# Was it a clone, or a missed opportunity...



## REX (Jan 21, 2009)

or both! You decide.

NorthWestClassicAutoMall - Classic Cars and Trucks for Sale


----------



## SANDU002 (Oct 13, 2004)

Stay away from cars north of the border. I have heard there are registration headaches "bringing a car into the country".


----------



## REX (Jan 21, 2009)

Can't be much worse than bringing a car "out" of California... I've been waiting 2 months now for my title and registration. All the state workers Schawartzenager laid off must have been from the DMV! They're lucky I've had such crappy weather or I might being going postal!!


----------



## geeteeohguy (Feb 2, 2008)

Rex: you hit the nail on the head. The DMV has laid off much of its "worker bees": the lowere paid clerical workers who actually do MOST of the work.


----------



## geeteeohguy (Feb 2, 2008)

I think it is a clone, but for 15k, maybe a fair deal. It would need a lot to make it "correct: removal of the Chevy wheels, the correct seats, new interior chrome, replacement of the wrong rear end, conversion back to automatic, floor repair from stick conversion, etc. If the seller is hinting that it's a LeMans, he KNOWS it is. If it were a real GTO, (very easy to verify) , he could get a lot more than 15k for it down here. In this economy, I wouldn't mourn the loss.


----------



## 67/04gto (Jan 15, 2005)

i would need documention to be 100 percent,but for 15k its a nice driver.swicth out the chevy rallys and then just ride


----------



## REX (Jan 21, 2009)

67/04gto said:


> i would need documention to be 100 percent,but for 15k its a nice driver.swicth out the chevy rallys and then just ride


:agree

Nice looking car for 15K. I think the buyer got a good deal for a driver regardless of the heritage!


----------



## Too Many Projects (Nov 15, 2008)

REX said:


> :agree
> 
> Nice looking car for 15K. I think the buyer got a good deal for a driver regardless of the heritage!
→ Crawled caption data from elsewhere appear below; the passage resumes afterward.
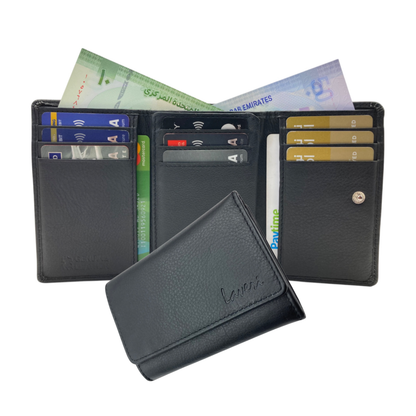 Women's Multi-Color TriFold Leather Wallet  # 1354NP
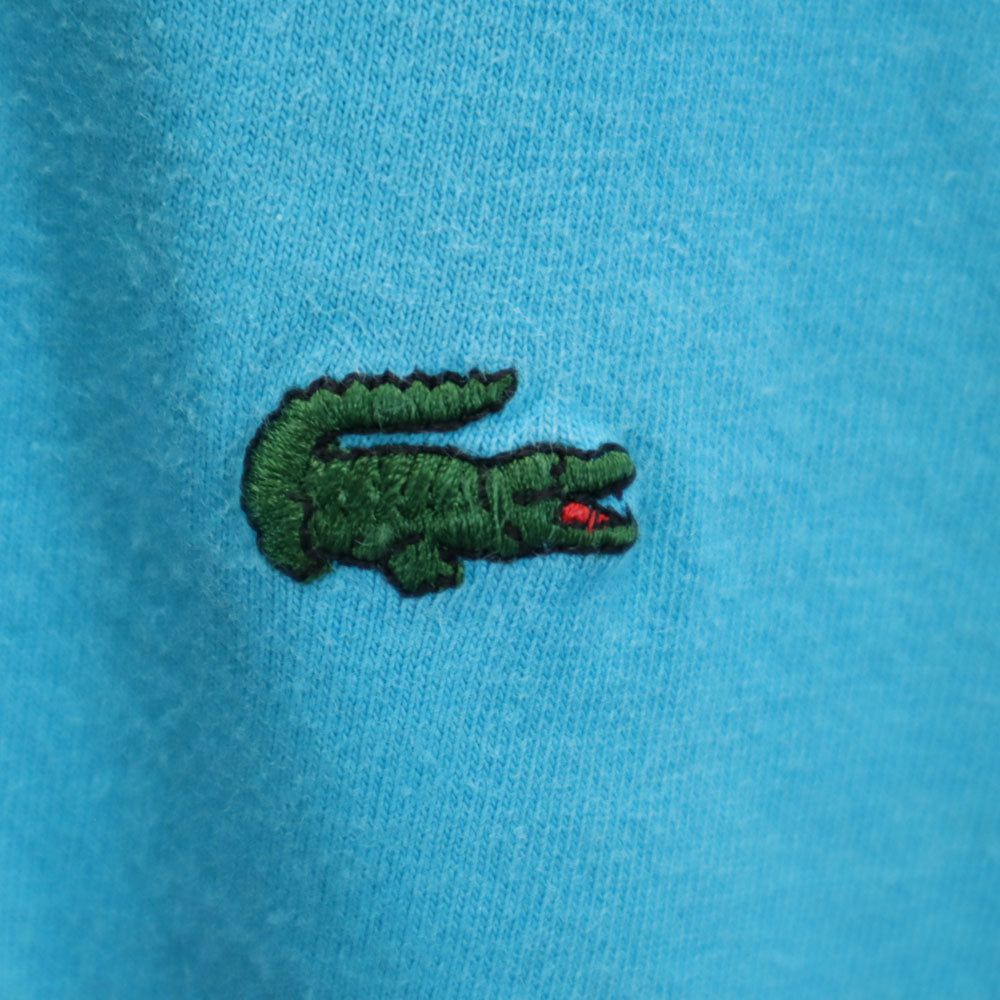 アイゾッドラコステ 90s オールド ボーダー柄 半袖 ポロシャツ XL ターコイズ系 IZOD LACOSTE メンズ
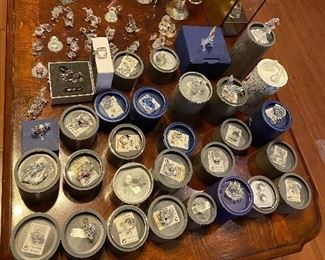 Miscellaneous Swarovski Crystal- will sell each or as a group. Other miscellaneous Crystal collector pieces. 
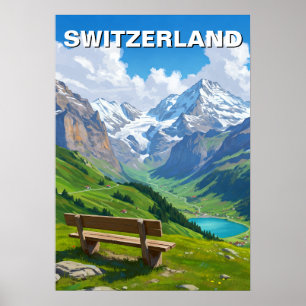 Schweiziska Alperna Schweiz Resa Poster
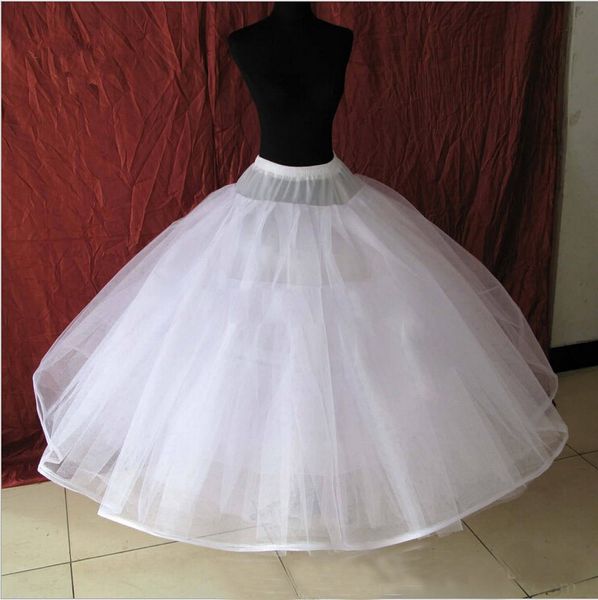 Non Hoops Easy Sit Jupons de mariage 6 couches de tulle dur Crinoline pour une ligne robe de bal robes de mariée formelle princesse robes de bal AL2571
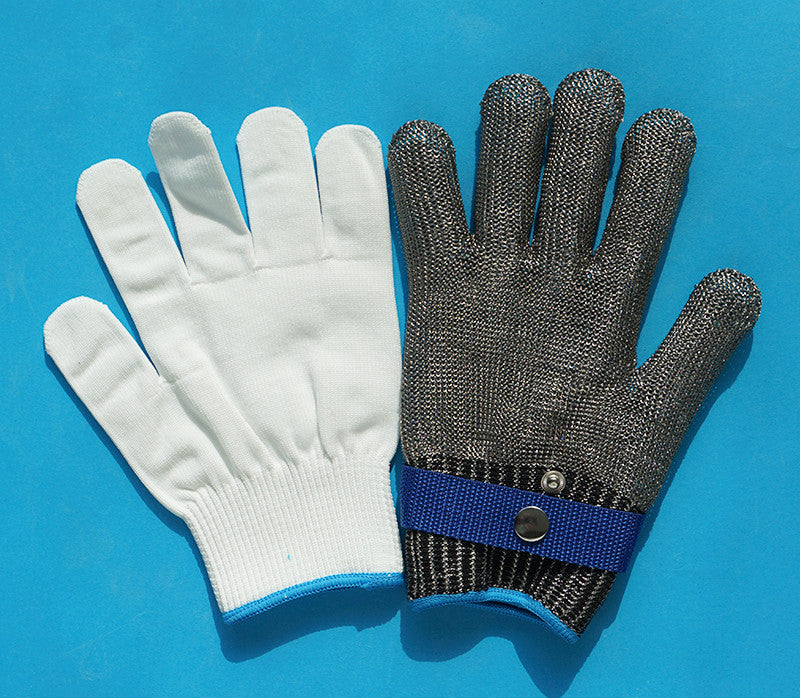 Safety Cut-Resistant Stainless Steel Gloves for Home Use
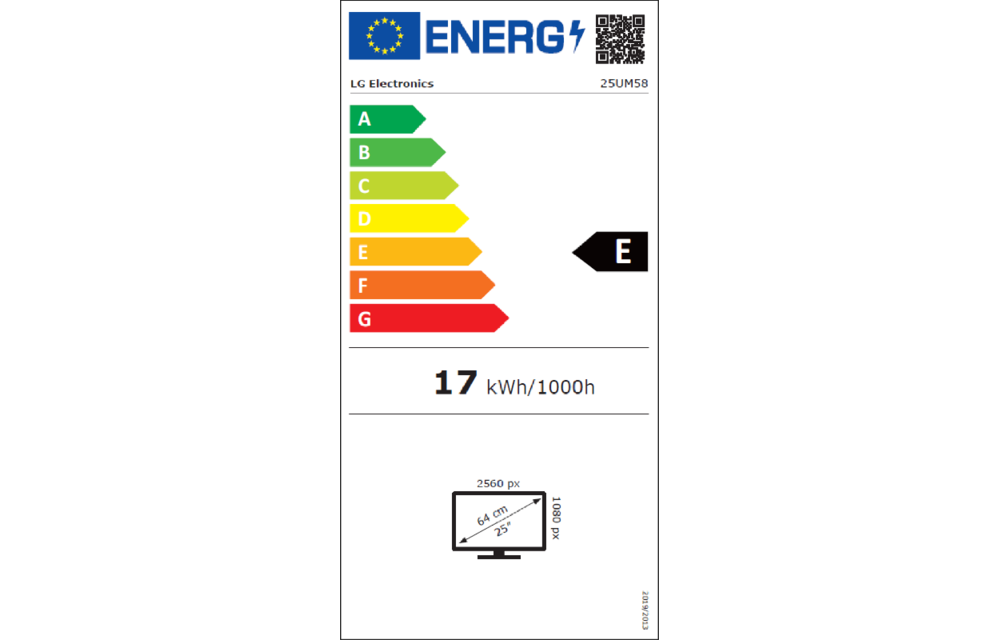LG 25UM58-P25 - Monitor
:agree...and those Chevy Rally wheels really set it off......


----------



## teamwoody72 (May 23, 2008)

great deal if a goat, the chevy wheels on a goat give me diarhea...lol.. how the hell do you spell diarhea...


----------



## Too Many Projects (Nov 15, 2008)

teamwoody72 said:


> how the hell do you spell diarhea...


With "spell check"......:rofl:


----------



## Rukee (Feb 8, 2007)

I'd look like an idiot without spell check!!! 





...wait, I do anyway!:rofl::cheers


----------